> [Dataset extract]
┌──
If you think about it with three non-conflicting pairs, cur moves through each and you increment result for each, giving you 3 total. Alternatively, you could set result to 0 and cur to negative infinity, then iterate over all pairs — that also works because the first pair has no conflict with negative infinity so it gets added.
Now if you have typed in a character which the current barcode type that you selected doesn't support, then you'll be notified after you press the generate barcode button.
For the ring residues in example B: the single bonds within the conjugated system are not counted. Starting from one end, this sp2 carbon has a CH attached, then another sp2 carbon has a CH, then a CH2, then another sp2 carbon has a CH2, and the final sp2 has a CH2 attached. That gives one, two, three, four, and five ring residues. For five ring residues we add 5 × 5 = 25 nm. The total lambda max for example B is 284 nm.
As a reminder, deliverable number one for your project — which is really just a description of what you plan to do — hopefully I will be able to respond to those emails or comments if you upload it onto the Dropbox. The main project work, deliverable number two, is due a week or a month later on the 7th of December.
└──
┌──
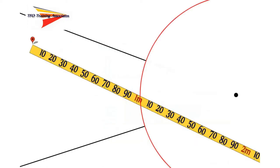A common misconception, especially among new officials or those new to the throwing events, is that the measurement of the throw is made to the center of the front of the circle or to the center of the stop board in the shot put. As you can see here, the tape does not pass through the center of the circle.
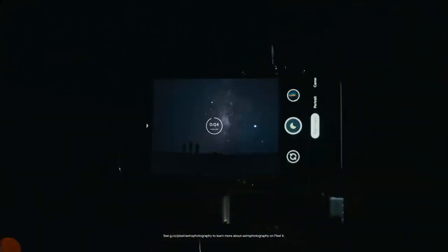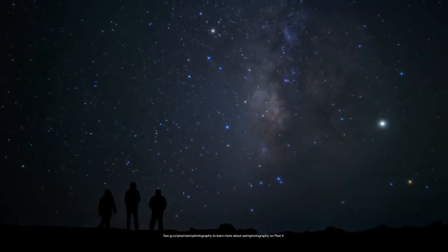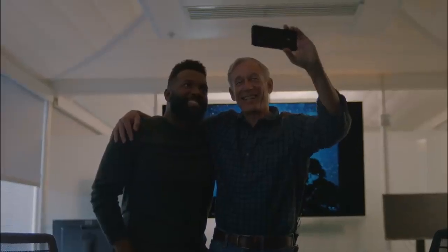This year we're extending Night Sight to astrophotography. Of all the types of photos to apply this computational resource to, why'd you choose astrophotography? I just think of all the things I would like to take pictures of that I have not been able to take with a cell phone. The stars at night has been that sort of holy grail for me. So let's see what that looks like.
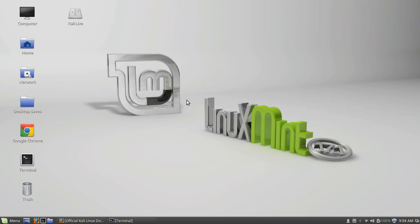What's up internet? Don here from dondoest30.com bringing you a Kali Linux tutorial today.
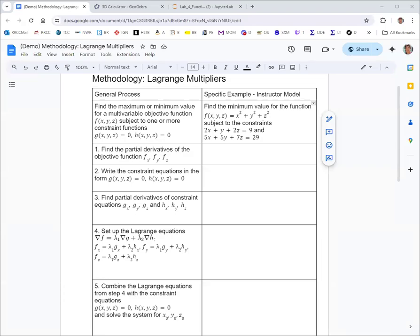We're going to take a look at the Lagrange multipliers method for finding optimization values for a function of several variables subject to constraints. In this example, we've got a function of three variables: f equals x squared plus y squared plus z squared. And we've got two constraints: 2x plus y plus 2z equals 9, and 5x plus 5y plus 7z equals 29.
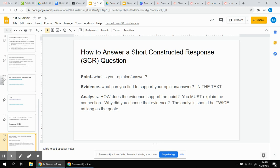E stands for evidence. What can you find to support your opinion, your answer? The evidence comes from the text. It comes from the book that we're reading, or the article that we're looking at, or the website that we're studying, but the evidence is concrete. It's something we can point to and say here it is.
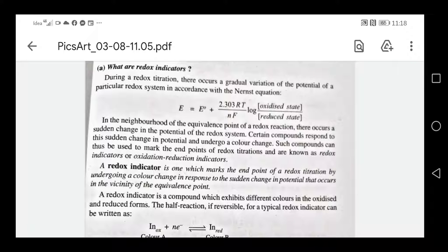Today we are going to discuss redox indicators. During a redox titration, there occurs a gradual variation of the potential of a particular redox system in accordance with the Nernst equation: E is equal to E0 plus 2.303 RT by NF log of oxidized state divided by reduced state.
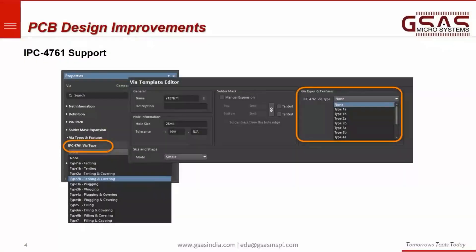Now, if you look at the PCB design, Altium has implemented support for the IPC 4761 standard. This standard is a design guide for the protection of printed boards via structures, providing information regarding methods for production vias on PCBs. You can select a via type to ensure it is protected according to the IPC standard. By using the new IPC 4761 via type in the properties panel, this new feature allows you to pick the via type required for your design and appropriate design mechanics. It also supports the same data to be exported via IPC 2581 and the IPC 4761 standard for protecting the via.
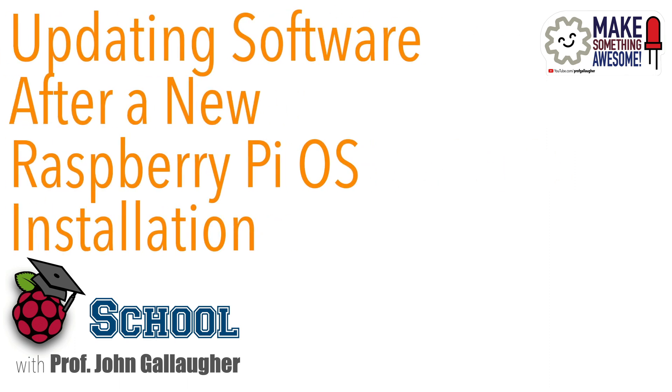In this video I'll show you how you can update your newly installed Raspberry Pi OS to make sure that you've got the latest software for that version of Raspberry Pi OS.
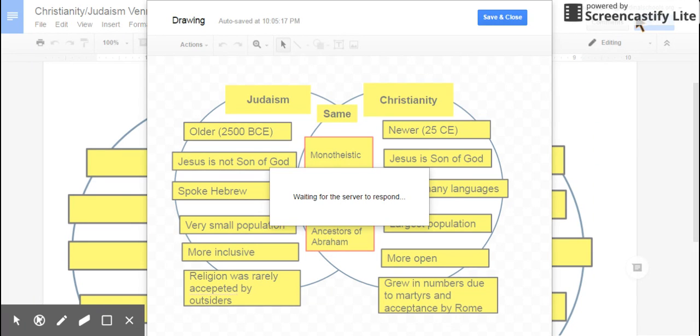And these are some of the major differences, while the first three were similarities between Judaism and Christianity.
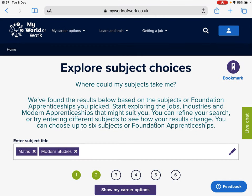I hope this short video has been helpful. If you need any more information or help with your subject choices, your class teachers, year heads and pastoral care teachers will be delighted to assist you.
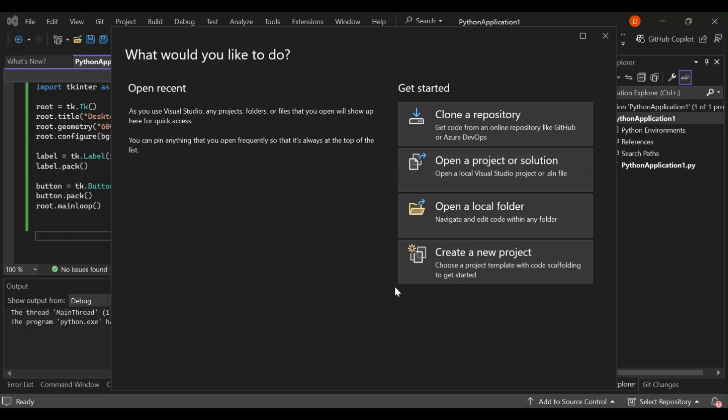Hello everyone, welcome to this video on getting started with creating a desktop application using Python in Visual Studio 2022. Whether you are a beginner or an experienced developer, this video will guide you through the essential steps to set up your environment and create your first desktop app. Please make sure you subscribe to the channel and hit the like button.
└──
> [Goal of the exercise]
Restate word for word the lines in the material above from the one with "If you think" to the one with "Now if you have"; both of those lines count, and nothing else does.

> [Output below]
If you think about it with three non-conflicting pairs, cur moves through each and you increment result for each, giving you 3 total. Alternatively, you could set result to 0 and cur to negative infinity, then iterate over all pairs — that also works because the first pair has no conflict with negative infinity so it gets added.
Now if you have typed in a character which the current barcode type that you selected doesn't support, then you'll be notified after you press the generate barcode button.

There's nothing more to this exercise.